Court Green devotes a big chunk of every issue to a dossier on a special topic or theme. This year it’s sex. There are many fine poems here, but before I get to them, I want to make an observation based on reading so many poems about sex in one bunch.
Writing about sex with the intention of recreating the experience poses an unusual challenge. Unlike writing about food, travel, art, music, and cinema, writing about sex is difficult to make anywhere near as good as the real thing. Catalogs, bragging, and lists of shocking activity get boring, and efforts to mimic the craziness of sex through crazy language are tough to decipher.
That said, many sex-centered poems in this issue show us how it can and should be done. Denise Duhamel, for example, has three fine poems laced with anger, comedy, confusion, and sadness. In “You Don’t Get to Tell Me What to Do Ever Again,” the narrator finds that while sex is always—literally and figuratively—at hand, what we want and need from it can be maddeningly elusive. Freed from a marriage-gone stale, she finds herself
as the hands of my imagined and real lovers,
dead or gone, reach down from the ceiling
sprinkling me with rose petals . . .
. . . . . . . . . . . . . . . . . . . . . . . . . . . .
and I pretend I can do whatever I want.
A focus on desire rather than the act itself is often an effective strategy for the best among these poems. Albert Goldbarth uses it in a long, six-part riff entitled “A Partial List of Unacknowledged Sex.” He begins by comparing pollen in the air to chaperoning a party of fifteen-year-olds where no one can acknowledge the “static sex electricity” in the room, “so thick that a single errant loosed spark / from a carpet or petting the cat will make / the entire room into a bomb.”

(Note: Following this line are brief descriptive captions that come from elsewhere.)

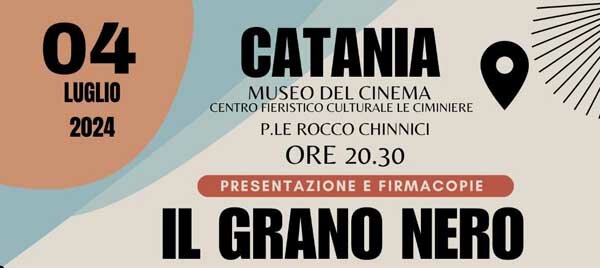 A "Le Ciminiere&rdquo; di Catania domani presentazione del romanzo storico "Il Grano Nero" di Ignazio Rosato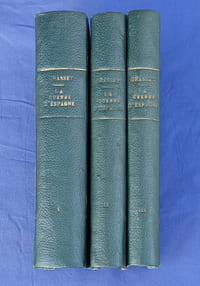La Guerre d'Espagne (1807-1813) [Tome I (octobre 1807 à avril 1808) - Tome II (avec 4 croquis et 1 carte hors texte) - Tome III (avec 18 croquis dans le texte, et hors texte, 4 portraits, 1 plan et 1 carte). ].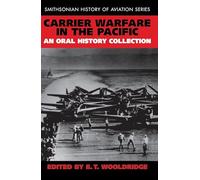 Carrier Warfare in the Pacific: An Oral History Collection (Smithsonian History of Aviation and Spaceflight (Paperback))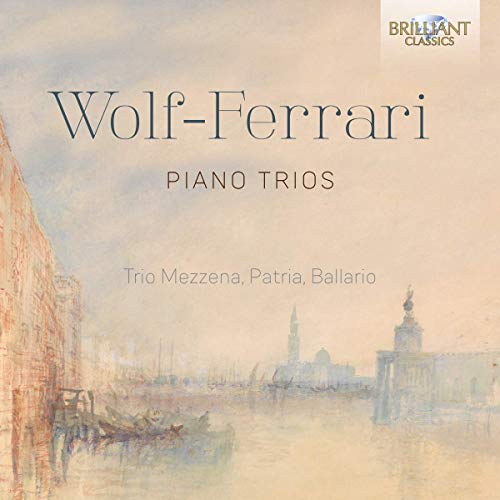 Preisvergleich Produktbild Wolf-Ferrari:Piano Trios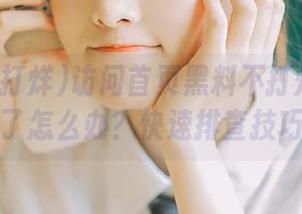 访问首页黑料不打烊打不开了怎么办？快速排查技巧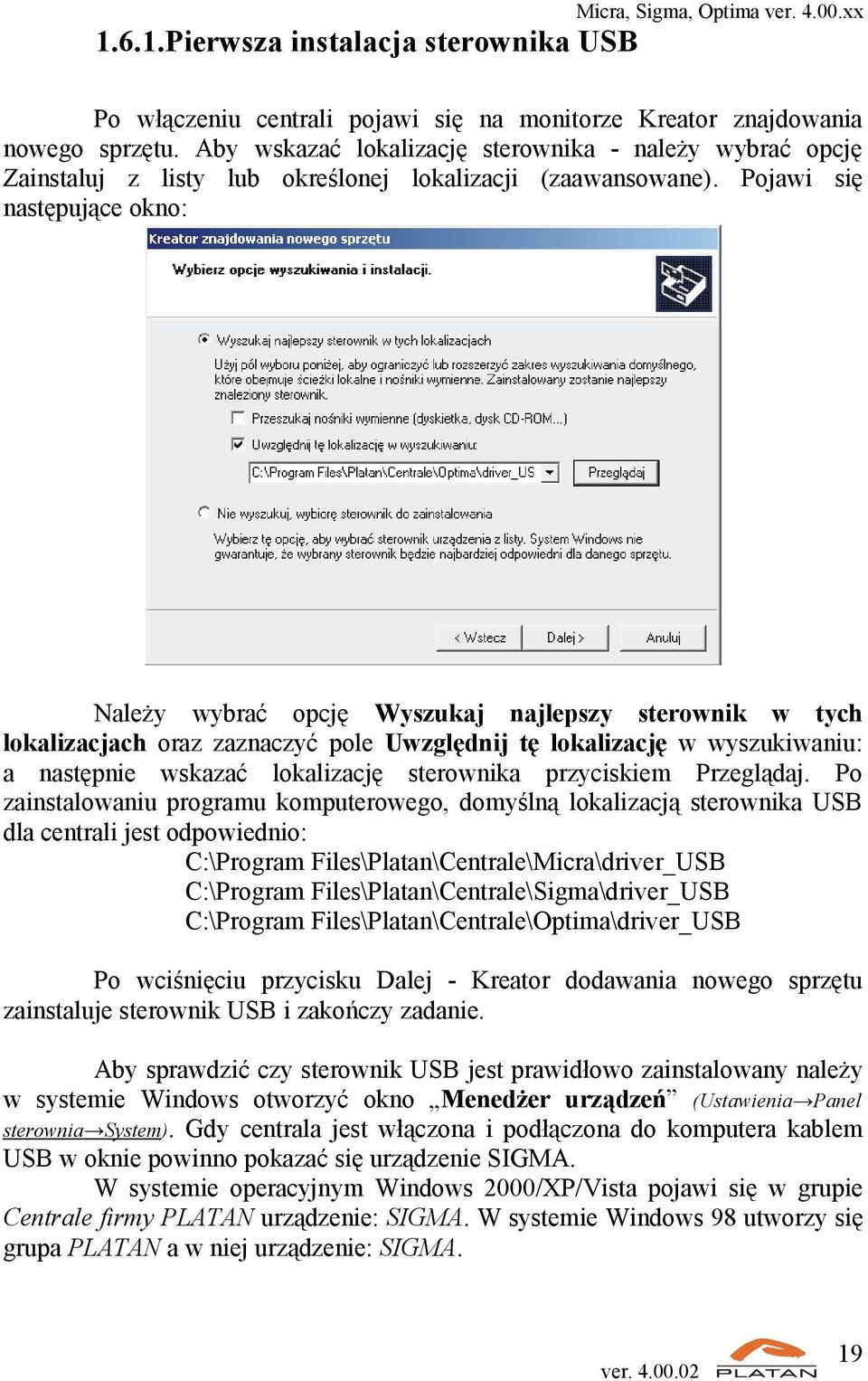 Pojawi się następujące okno: Należy wybrać opcję Wyszukaj najlepszy sterownik w tych lokalizacjach oraz zaznaczyć pole Uwzględnij tę lokalizację w wyszukiwaniu: a następnie wskazać lokalizację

Humor is a great strategy. In “Sex Education,” Ron Koertge shows us adolescent boys watching dogs “doing it.” They think it’s hilarious until “Mrs. Berryman came out in her slip,” wearing a smirk “like none of our mothers.” After a flip of her cigarette and a wink, “. . . tag or Red Rover seemed / stupid. It had to be football so we / could handle each other and bleed.”

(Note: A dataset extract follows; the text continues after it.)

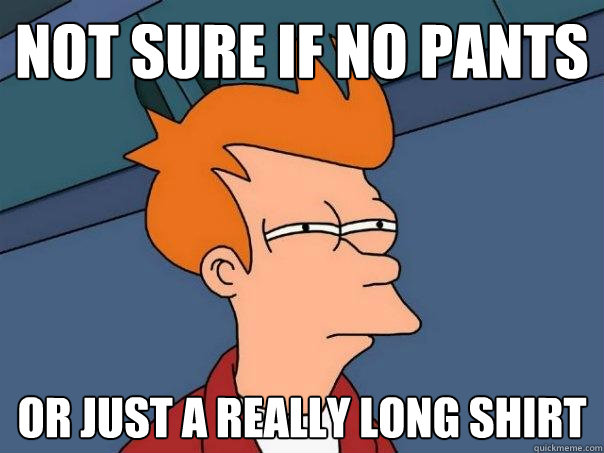 Not Sure if no pants  Or just a really long shirt  Futurama Fry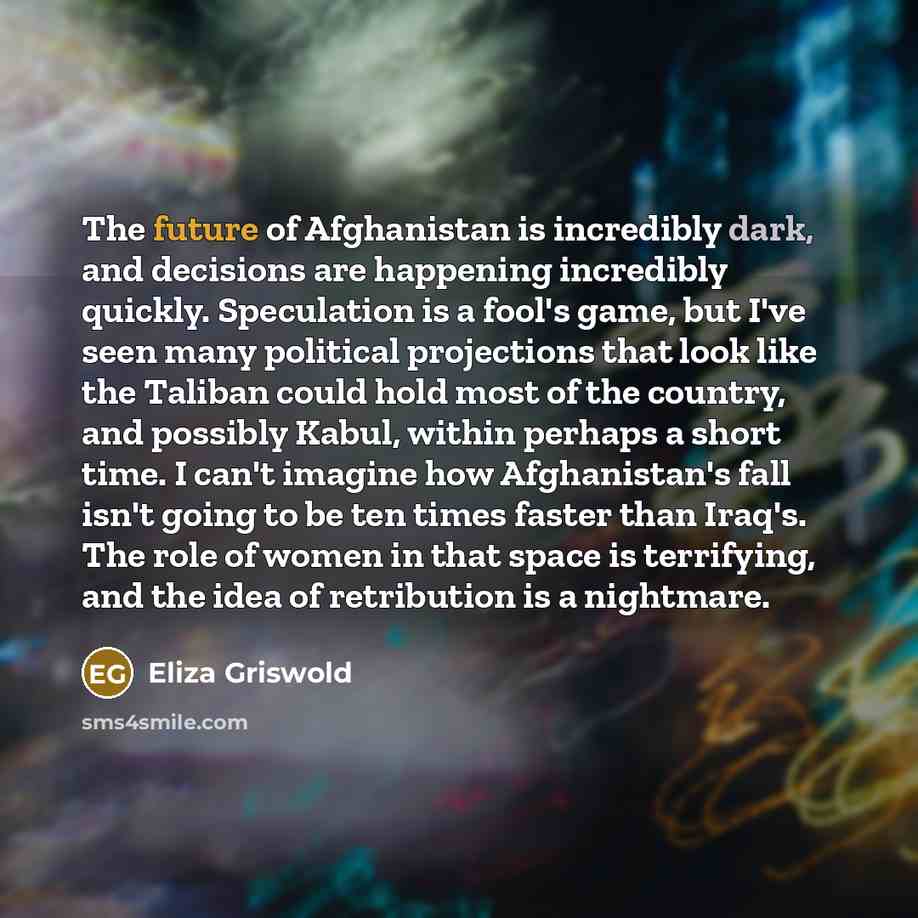 “The future of Afghanistan is incredibly dark, and decisions are…” quote by Eliza Griswold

And then there’s the dark side. Most Americans have come around to the idea that rape isn’t about sex, it’s about violence and power, for which sex is merely a means. Emma Bolden takes us into the center of that experience with her stunning, “Somewhere She’s Holding in Silence,” a tour de force and one of the strongest poems in the issue.
In the contributors notes, writers were asked to identify the most unusual place they have had sex. As one would expect, there are plenty of stairwells, vehicles, elevators, landscapes, and witty answers like “Indiana.” Bolden, in addition to writing a superb poem, supplied the best answer: “Chex? Where’s the most unusual place I’ve had Chex? Probably in the hallway of my dorm whilst walking to the laundry room.”
The non-dossier half of the issue includes memorable work by Mary Ruefle, Kathleen Ossip, Maureen Seaton, Eric Burger, Matthew Thorburn, Terence Winch, Robert Hershon, and many others. There’s also a selection of spare, anti-poetic poems by the late Ed Smith, edited by Bruce Hainley.
The dossier theme for next year is creative response, in poetry, short lyric essay, or non-academic prose, to the life, work, and legacy of the late James Schuyler. Get those pencils sharpened. Judging by this issue, the competition is likely to be fierce.